Here are the Red Sox primary colors:
After capturing current team colors in a spreadsheet for easy reference, I used the color-hex.com site to select complementary colors for the Red Sox graph. Using complementary colors allows me to differentiate clusters in the graph while remaining true to the original concept of employing team colors for each graph. So instead of a wide range of colors one would normally see in a Gephi output, I was able to input the complementary colors for each group. Thus, one team color could be used for the graph background, while the other color (and it’s complements) could be used for the graph structure (nodes & edges). We’ll share the effect later in this post.

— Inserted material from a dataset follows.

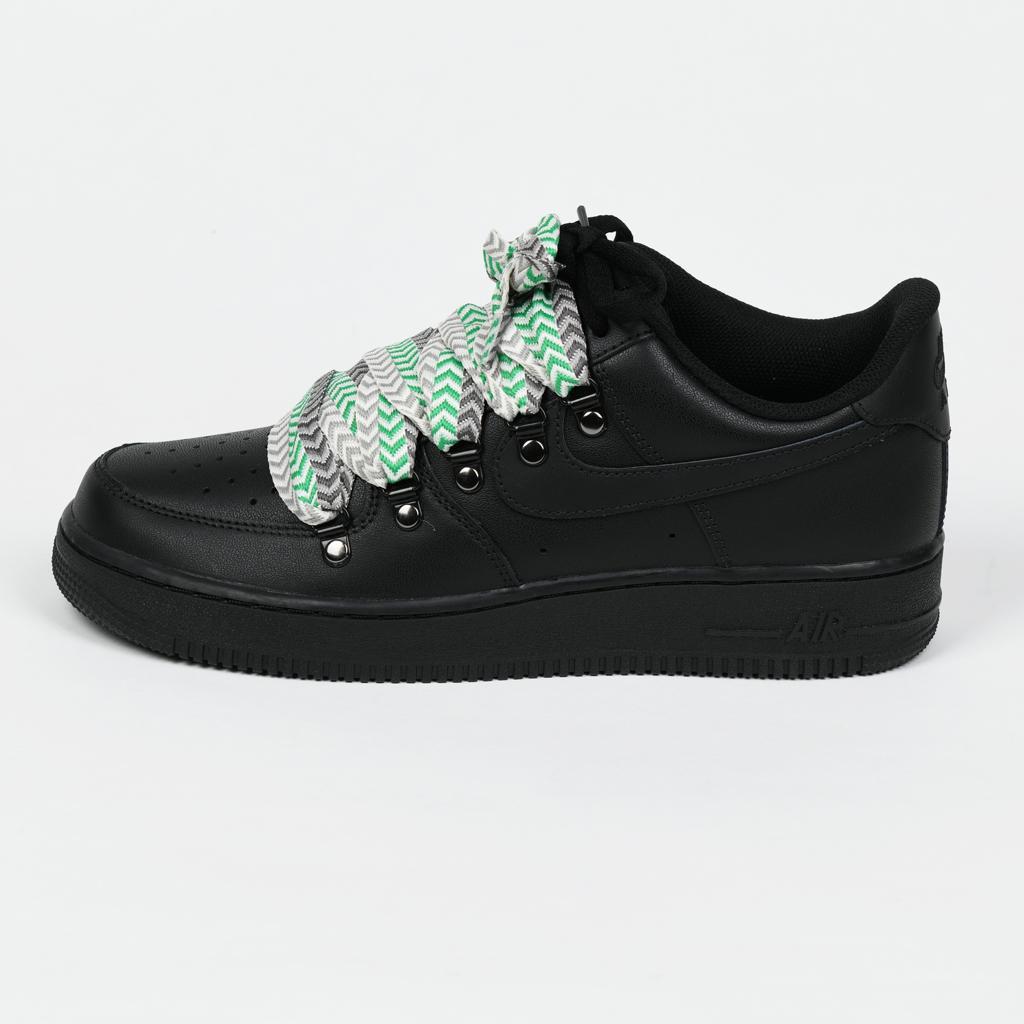 BLACK Flat lace AF1 GREEN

Graph statistics are critical to the full understanding of the structure of a network. While we can view a graph and begin to understanding the general structure of a network, the various statistics will aid and reinforce our initial visual comprehension. Gephi provides a nice range of statistical measures to choose from:
- Eccentricity (the number of steps needed to traverse the network)
- Centrality – betweenness, eigenvector, closeness, harmonic closeness (various measures of importance of an individual node)

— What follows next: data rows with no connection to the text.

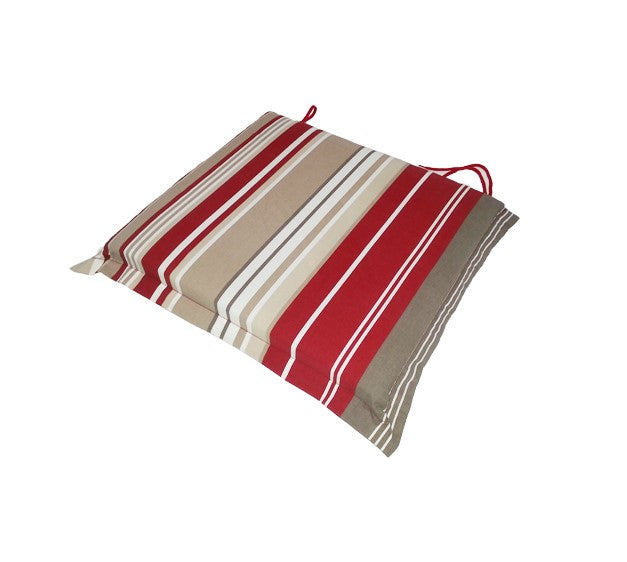 Garden 2 Seat Pads 5cm Valance Red Strip - 391445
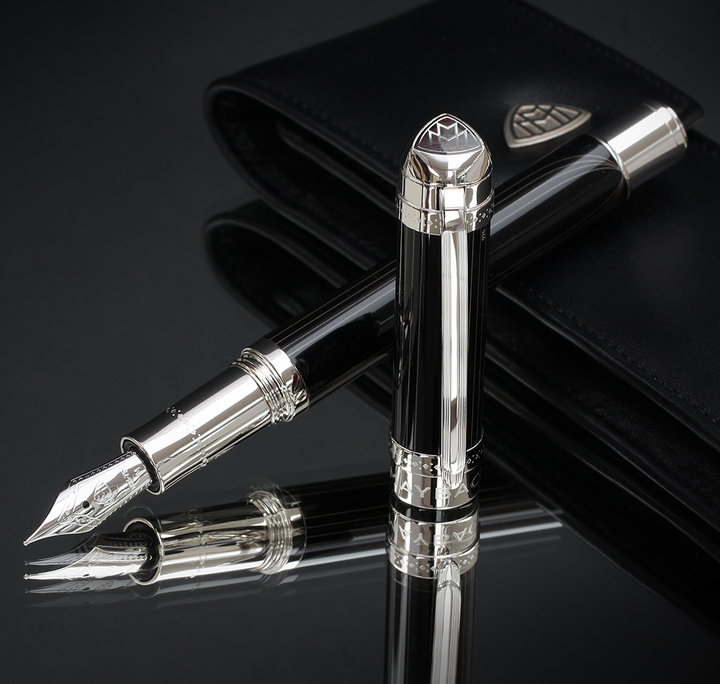 Maybach The Peak I Flow Lines Lustr Midnight Black Platinum - Fountain Pen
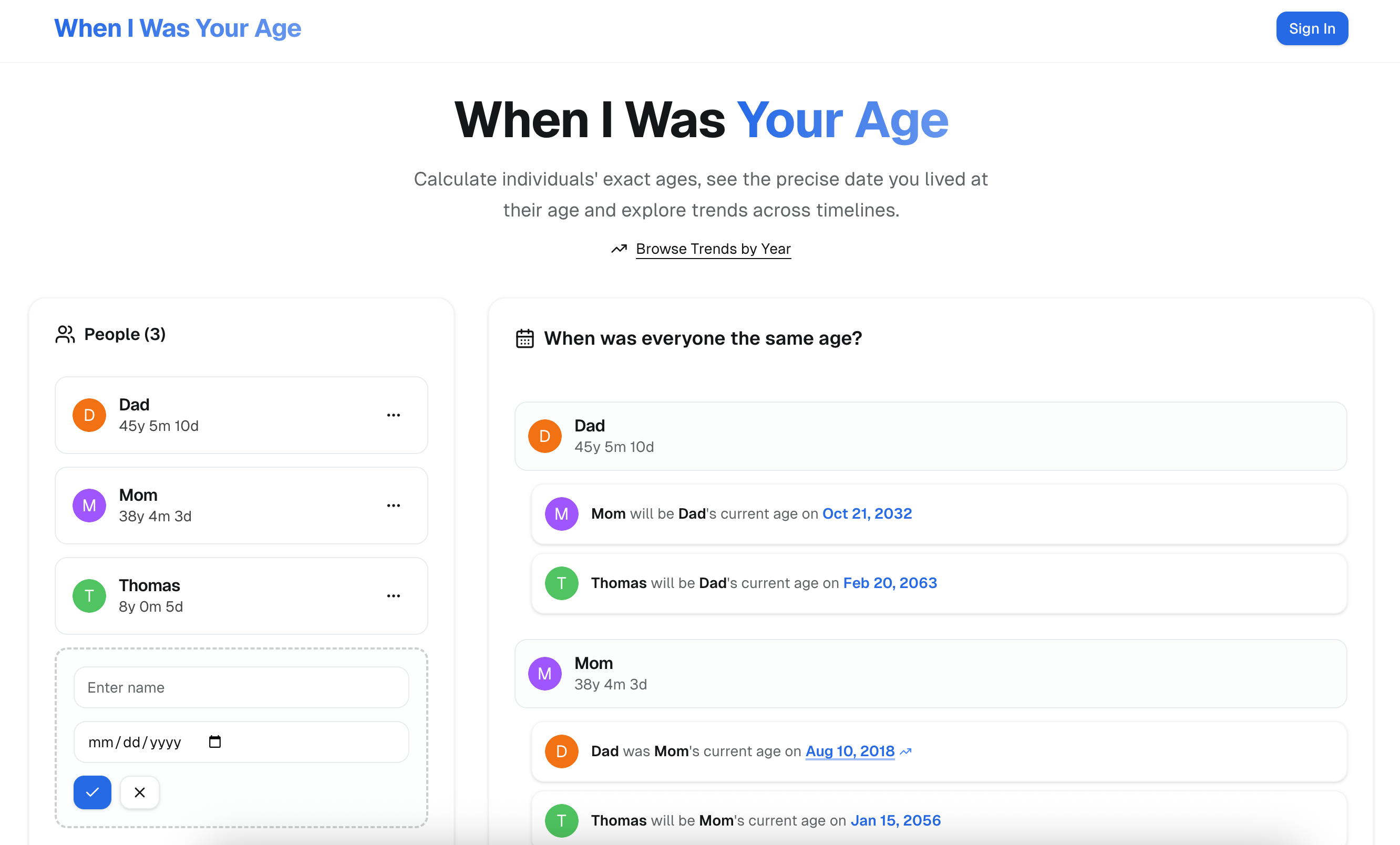 WhenIWasYourAge.app - बहु-व्यक्ति आयु कैलकुलेटर और समयरेखा तुलना मीडिया 1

- Clustering coefficient (to discern cliques in the network)
- Number of triangles (a friends of friends measure)
- Modularity Class (clusters)
- Degrees (the number of connections)
Node sizing is another key element of effective graph design. In this case, there were a few options I could pursue for node sizing – the number of seasons played (I used this in the 2014 graphs), one of the various centrality measures we calculated, or the number of degrees (connections) an individual player possesses. After computing each of these statistics, I eventually decided to use the number of degrees as a representation of influence in the graph. Visually, I want to show how many other players a single individual is related to, and using node size is an effective means of doing so.
Our final graph in Gephi is shown below; the eventual web-based version will differ slightly and include additional functionality, but that’s for another post.
My third and final post in this series will address exporting this graph to the web using the sigma.js plugin, and making some additional customization to the web version. Thanks for reading, and see you soon!